Als nun das Blut aus der Wunde drang
Und niederlief an dem Speer,
Berührte er von ungefähr
Die Augen mit der blutigen Hand;
Da wich von ihnen des Siechtums Band.
Doch auch das Licht der Seele ward
Dem Ritter damit geoffenbart.
Christi Blut, das heilige, kam
Darauf durch ihn, wie ich vernahm,
Nach Mantua in die Stadt.

Nun ging damals auf den Rat
Des Nero die Verfolgung an
Und man begann,
Longinus einzukerkern.
Von milderen Strafen ging zu stärkern
Der Richter über.
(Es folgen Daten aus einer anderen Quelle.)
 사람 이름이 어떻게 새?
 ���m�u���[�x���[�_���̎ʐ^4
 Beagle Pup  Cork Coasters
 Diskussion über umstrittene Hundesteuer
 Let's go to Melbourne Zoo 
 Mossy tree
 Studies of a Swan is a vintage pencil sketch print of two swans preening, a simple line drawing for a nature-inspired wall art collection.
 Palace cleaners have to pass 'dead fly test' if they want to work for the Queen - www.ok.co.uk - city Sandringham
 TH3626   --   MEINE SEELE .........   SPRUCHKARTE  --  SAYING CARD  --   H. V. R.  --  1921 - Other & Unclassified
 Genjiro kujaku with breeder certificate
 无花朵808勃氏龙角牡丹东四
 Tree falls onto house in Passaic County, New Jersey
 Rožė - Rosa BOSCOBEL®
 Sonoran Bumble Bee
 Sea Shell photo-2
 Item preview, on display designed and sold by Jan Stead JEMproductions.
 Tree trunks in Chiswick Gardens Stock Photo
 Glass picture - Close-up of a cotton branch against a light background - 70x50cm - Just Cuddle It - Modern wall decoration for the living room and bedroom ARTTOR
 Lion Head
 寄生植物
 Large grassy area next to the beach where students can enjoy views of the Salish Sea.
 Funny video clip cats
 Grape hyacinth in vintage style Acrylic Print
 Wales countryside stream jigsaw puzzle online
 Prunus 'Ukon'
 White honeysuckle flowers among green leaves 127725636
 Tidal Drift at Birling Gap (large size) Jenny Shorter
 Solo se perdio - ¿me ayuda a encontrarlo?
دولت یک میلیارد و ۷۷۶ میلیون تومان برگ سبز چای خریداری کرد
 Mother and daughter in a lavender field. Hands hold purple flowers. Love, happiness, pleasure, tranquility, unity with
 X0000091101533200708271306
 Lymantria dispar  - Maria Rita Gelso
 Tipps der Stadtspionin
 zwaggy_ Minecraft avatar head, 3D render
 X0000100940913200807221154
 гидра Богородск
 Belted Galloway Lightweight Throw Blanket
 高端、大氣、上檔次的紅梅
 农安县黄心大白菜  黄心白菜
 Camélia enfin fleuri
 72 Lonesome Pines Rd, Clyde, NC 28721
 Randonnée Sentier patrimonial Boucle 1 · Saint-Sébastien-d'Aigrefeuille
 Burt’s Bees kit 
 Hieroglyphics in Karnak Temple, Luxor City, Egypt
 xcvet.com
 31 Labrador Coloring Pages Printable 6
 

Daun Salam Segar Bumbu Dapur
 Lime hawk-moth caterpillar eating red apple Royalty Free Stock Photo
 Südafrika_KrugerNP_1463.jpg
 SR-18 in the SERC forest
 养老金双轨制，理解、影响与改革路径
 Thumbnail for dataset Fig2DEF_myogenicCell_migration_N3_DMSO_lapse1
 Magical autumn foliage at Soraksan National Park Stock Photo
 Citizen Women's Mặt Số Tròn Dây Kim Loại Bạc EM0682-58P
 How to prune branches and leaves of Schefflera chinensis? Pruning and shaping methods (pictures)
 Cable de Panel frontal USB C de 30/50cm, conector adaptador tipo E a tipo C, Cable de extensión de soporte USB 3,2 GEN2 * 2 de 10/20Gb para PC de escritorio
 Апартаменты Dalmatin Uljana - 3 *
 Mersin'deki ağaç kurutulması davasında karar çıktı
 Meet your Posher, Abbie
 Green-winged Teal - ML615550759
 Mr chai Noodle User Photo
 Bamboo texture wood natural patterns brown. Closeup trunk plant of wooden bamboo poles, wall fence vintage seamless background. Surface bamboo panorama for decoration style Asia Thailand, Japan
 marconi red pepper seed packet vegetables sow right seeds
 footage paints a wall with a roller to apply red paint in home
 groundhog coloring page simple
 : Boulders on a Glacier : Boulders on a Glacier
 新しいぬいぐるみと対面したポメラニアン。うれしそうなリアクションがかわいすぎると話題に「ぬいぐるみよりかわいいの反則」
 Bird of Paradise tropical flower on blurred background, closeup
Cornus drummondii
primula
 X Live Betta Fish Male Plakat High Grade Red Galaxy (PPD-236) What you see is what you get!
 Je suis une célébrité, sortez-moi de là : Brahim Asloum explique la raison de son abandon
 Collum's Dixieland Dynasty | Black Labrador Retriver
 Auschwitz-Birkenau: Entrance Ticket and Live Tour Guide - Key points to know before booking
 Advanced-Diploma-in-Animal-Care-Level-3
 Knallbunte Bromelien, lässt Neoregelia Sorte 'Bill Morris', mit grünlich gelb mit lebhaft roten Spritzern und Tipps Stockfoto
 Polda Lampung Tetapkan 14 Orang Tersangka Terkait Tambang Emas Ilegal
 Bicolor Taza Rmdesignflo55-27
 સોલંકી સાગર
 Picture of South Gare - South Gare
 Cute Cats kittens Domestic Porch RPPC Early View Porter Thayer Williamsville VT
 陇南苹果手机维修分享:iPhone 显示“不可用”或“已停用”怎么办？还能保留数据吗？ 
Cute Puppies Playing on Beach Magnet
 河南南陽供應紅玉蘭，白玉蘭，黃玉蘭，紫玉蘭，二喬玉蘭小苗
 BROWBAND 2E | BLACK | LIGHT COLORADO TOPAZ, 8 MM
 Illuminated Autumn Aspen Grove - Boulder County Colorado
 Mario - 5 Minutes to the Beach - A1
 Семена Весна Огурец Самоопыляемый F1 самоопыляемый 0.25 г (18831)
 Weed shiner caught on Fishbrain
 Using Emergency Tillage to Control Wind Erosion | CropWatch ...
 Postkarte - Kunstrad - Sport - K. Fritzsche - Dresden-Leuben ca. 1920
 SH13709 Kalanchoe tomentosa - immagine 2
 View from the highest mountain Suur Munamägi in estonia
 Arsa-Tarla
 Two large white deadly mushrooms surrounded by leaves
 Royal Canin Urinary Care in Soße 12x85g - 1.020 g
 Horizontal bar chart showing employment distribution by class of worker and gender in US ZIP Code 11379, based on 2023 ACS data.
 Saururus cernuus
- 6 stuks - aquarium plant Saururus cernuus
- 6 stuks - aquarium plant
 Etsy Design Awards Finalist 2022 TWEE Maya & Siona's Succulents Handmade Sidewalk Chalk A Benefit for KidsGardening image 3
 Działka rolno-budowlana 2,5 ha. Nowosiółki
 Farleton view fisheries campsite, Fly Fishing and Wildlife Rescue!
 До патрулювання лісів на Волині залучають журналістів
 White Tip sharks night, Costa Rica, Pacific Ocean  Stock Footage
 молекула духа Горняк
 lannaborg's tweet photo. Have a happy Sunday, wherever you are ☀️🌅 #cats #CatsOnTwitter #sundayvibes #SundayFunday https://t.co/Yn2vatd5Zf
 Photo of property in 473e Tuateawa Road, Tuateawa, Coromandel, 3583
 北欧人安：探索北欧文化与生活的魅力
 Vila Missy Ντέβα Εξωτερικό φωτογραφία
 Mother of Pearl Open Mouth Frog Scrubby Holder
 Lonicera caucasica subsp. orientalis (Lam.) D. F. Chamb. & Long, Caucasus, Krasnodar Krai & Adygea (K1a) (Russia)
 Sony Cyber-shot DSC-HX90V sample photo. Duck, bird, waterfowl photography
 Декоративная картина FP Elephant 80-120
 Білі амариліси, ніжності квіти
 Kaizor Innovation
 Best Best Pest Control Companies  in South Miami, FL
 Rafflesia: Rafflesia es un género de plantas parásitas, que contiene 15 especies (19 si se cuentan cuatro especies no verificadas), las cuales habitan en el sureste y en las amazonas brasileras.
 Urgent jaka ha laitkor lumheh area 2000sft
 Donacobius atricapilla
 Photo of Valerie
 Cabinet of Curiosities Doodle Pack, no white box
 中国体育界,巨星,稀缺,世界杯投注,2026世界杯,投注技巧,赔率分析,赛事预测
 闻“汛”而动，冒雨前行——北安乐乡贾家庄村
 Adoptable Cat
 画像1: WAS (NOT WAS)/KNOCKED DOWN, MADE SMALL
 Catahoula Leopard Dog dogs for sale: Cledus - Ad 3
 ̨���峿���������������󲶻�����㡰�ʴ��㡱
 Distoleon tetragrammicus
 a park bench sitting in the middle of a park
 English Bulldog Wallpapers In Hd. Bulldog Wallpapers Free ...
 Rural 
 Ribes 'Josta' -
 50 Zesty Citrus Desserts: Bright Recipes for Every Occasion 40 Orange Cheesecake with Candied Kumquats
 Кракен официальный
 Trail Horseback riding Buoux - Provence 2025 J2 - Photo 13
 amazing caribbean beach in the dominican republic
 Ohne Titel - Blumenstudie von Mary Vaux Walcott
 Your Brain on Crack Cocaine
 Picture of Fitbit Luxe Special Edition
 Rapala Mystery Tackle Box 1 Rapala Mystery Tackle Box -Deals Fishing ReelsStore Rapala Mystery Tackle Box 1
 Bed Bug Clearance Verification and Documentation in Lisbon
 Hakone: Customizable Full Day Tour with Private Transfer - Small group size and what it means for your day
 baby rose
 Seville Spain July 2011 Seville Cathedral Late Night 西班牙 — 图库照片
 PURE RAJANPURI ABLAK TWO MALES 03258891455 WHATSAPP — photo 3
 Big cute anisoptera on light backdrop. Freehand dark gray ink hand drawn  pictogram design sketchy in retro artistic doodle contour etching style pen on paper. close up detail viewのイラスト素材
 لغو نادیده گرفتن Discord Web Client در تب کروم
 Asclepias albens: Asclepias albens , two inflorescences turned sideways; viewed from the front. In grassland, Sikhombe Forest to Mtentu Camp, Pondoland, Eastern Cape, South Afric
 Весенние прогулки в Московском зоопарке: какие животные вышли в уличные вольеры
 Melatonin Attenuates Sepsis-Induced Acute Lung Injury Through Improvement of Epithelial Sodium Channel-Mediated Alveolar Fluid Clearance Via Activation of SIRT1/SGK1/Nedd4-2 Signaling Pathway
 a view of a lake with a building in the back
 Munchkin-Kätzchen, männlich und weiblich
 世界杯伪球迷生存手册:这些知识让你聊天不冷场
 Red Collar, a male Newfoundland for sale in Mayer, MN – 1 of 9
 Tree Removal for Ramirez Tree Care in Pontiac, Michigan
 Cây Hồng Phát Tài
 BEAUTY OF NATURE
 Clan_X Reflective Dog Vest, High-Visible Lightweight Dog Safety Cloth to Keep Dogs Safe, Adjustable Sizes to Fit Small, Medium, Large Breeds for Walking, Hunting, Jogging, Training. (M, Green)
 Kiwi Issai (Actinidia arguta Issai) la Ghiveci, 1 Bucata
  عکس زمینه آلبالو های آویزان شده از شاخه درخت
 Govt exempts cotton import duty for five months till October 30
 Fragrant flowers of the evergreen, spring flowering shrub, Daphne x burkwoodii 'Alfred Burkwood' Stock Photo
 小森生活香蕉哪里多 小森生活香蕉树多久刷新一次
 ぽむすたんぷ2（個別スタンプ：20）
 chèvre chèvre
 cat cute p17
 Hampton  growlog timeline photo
Nach manchem Leiden
Ließ er ihm die Zunge ausschneiden.
Doch da die Sprache ihm gebrach,
Nahm Held Longinus gleich darnach
Eine Axt und schlug die Göttersäulen
In Stücke. Da floh'n ohne Weilen
Die Teufel aus den Götzen und
Den Leuten in den Leib. So wund
Und sterbend sprach Longinus noch
Zu seinem Richter: »Sterb' ich, doch
Will ich zu Gott im Himmel beten,
Daß er dir helfe in allen Nöten.
Wie mir einst, sind dir die Augen krank.
Gott heile sie dir! Jedoch zum Dank
Bekehre dich nach meinem Tode!«

So starb durchs Schwert der Gottesbote.
Der Richter Octavius ward gesund
Und wandte sehend sich zum Grund
Des Lichtes. Und zu seinem Frommen
Ward seine Reue angenommen.

Longinus, 15. März 64 (?). Passional II. 215.